With the 6536/1, Rolex also finally moved away from the bubbleback calibers, instead fitting the Submariner with slimmer movements. Interestingly, the caliber 1030 that powers the 6536/1 dates back to 1950, the very same year as the A260 and A296, and can be found in a number of Oyster Perpetual and Explorer models as well, including the famous ref. 6610. It's a 2.5 Hz (18,000 vph) movement that measures just 5.85mm thick, allowing for a caseback that sat closer to the case profile without giving up the automatic winding rotor.
Reference 6536/1 (Intermediate Version):*1957

The middle version of the 6536/1 is extremely similar to the first, but with two key differences: the bezel and the seconds hand. This is the first time we see a Submariner with the famous red triangle at the 0/60 position, something we'll go on to see in later models as well. Additionally, the lume plot in the white seconds hand is a bit smaller this time around. Some people call the former a "lollipop" seconds hand to differentiate, despite there still being a pointed tip at the end of the larger lume plot.
One thing to note is that if you look at these first two 6536/1s side by side, you get a great sense of just how much variation there can be watch to watch when it comes to vintage Submariners.

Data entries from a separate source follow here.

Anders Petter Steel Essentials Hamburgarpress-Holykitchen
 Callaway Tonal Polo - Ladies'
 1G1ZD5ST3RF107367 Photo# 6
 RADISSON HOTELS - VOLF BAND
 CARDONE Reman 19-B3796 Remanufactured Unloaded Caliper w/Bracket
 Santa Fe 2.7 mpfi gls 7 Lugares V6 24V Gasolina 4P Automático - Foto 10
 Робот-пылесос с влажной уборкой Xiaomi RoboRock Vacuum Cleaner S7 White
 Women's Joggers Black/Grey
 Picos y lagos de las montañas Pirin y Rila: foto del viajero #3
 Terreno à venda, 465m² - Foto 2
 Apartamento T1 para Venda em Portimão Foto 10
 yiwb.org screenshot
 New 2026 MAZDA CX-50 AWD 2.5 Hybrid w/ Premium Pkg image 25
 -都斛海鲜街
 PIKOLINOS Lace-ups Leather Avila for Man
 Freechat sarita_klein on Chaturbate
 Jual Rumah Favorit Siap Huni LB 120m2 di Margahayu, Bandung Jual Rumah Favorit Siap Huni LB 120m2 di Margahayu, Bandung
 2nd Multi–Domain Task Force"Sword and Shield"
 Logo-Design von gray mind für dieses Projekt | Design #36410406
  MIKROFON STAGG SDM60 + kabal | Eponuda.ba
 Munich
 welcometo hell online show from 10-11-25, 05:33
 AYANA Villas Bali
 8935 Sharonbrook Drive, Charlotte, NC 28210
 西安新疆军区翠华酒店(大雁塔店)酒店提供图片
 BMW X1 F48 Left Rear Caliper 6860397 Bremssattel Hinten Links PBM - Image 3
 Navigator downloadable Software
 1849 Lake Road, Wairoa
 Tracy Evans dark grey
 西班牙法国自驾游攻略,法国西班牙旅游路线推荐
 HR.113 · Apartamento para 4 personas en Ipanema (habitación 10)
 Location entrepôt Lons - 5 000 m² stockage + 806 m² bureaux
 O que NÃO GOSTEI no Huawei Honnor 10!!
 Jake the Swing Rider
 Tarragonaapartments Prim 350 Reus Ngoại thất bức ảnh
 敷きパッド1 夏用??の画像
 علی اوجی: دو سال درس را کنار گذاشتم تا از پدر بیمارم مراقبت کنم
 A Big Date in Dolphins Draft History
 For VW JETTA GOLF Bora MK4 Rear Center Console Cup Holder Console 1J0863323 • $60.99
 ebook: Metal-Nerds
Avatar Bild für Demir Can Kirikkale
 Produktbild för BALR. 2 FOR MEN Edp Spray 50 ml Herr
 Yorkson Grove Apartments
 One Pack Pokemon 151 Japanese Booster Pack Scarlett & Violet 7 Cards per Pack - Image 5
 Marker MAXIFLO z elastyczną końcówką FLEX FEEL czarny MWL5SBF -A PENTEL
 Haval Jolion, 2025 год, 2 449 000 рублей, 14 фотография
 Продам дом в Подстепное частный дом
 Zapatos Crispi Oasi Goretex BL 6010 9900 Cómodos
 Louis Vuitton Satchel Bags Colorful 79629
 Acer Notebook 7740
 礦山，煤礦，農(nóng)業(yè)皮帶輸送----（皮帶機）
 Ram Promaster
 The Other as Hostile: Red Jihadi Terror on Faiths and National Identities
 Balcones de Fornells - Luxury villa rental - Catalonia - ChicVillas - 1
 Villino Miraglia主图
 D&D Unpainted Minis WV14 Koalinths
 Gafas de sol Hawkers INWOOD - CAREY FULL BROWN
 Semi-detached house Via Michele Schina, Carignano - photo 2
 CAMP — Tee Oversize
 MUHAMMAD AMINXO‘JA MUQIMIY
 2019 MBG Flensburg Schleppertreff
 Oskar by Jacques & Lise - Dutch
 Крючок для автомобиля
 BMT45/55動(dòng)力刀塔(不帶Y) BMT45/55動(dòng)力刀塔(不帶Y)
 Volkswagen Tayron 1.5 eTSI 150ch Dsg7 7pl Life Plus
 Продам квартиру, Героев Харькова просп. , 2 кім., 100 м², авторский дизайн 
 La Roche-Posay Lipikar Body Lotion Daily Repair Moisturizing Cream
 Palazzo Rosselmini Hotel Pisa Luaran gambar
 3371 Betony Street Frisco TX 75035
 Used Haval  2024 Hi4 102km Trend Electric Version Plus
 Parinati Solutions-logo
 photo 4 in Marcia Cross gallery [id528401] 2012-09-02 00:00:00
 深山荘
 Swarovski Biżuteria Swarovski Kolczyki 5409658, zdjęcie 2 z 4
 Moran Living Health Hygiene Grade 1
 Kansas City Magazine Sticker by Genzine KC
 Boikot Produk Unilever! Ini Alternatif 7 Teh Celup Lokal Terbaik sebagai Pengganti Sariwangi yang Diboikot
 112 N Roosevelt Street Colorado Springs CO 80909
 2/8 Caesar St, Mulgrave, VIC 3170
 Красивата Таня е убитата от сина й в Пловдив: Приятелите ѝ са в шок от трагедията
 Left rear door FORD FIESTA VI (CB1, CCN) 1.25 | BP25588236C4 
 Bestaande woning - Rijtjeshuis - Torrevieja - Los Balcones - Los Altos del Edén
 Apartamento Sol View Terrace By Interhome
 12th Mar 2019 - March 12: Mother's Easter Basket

The dials presumably started out mostly the same colors and finishes, but over the decades they've faded differently and the printing starts to appear different. In this case, both dials are exactly as they should be, despite looking very, very different.
Reference 6536/1 (Final Version):*1957-1958

The reference 6536/1 culminated in the watch you see here, made just two years after the first 6536/1s rolled out to retailers. Again, we're talking small differences here from version two to version three. Most notably, the bezel has again morphed, this time adding the hash marks between the 0/60 position and the 15 minute mark. Also, for the watches with this later bezel, you'll want to make sure the watch has the proper handset: the white seconds hand is gone, in favor of one in brass that matches the other two hands (the lume plot is even smaller too, incidentally).
While this watch has a red triangle in the bezel, there were 6536/1s with hash bezels and no red triangle too. You can see one that has lived a heck of a life in Jason Heaton's report right here.
Reference 6538 (Four Line): 1956-1959

To further complicate matters, at the same time Rolex was producing the "small crown" reference. 6536, it was also producing the "big crown" reference 6538. For a lot of people, this is the Rolex Submariner. It's the watch that Sean Connery famously wore as James Bond in Dr. No (1962) and it's got that beefy tool watch feel while still oozing vintage charm.
The 6538 came in two basic flavors, those with four lines of text at six o'clock and those with two lines of text in that position. We'll talk about the former first (which is the watch you see above). In addition to the "Rolex / Oyster Perpetual" signature at 12 o'clock you'll find four lines reading "200m=660ft / Submariner / Officially Certified / Chronometer" at six o'clock. This is the first Submariner to feature the chronometer certification on the dial, and you'll notice the complexity of the color scheme on the gilt chapter ring dial the model branding is all in gold while the other text is in a white/silver color.*
The 8mm Brevet crown, no-hash bezel with red triangle, and broader case all contribute to this watch's serious wrist presence. If you've never had the opportunity to try one of these early, big crown Subs on your wrist, try to find a collector or dealer with one who will let you give it a shot. It's a totally different feel to the smaller Submariners or those with crown guards, but it's also visually very different from the 6200 because of all the additional dial text. I remember the first time I ever saw one of these in the metal it total blew my mind it's easy to understand why this became such a classic.
Reference 6538 (Two Line): 1956-1959

While four-line 6538s were chronometer certified, there were also some watches of the exact same reference that were not. On these non-certified watches, you'll find a simplified dial, without the chronometer certification in the six o'clock position. The result is a watch that has a slightly more open dial with some additional breathing room. The example above has faded to a beautiful dark shade of tropical brown, while the example below is still inky black again, these watches were born identical but have become extremely different in their 60+ years of life.
A good rule of thumb: If there is no chronometer certification on the dial itself, the watch is almost certainly not COSC-certified. But, as with all things vintage Rolex, there are some exceptions.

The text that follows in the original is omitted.